On his turn, Laertes must choose any square on the grid and eat it, along with the square immediately below it. On her turn, Roxane must choose any square on the grid and eat it, along with the square to its immediate right. The first person who cannot eat two pieces as described above on any turn loses. Let us describe the squares using the conventional matrix coordinate scheme, with the top-left square being $(0,0)$ and the positive $x$ and $y$ axes extend to the right and down respectively. In cases where taking two different squares results in the same cake upto symmetry, then the square that is closest to the origin is preferred. If the square is still ambiguous, then the one that is closer to the $x$ axis is preferred.

Consider the $2 \times 1$ cake.
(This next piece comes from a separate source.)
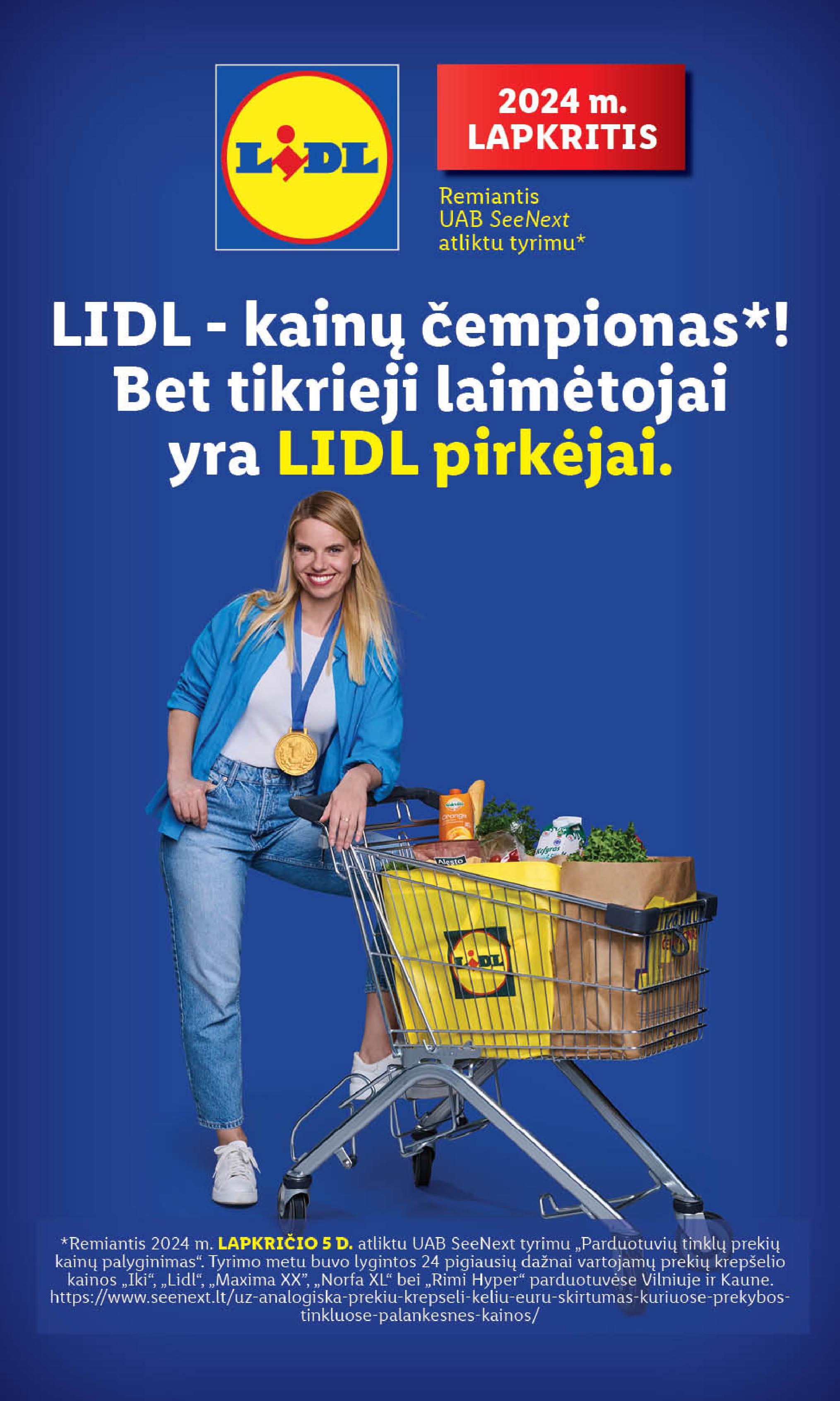 Naujausias LIDL kaininis katalogas 2024.11.25 - 2024.12.01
It is obvious that no matter who goes first, Laertes can always win by eating the square at $(0,0)$ (and so consequently $(1,0)$).

The $2 \times 2$ cake is different though. Convince yourself that the first person to start will win, no matter who it is.

What are the optimal squares chosen by both players on a $4 \times 2$ cake? Assume that Laertes goes first. If you think the sequence is $(a,b)$, $(c,d)$, $(e,f)$, enter $abcdef$.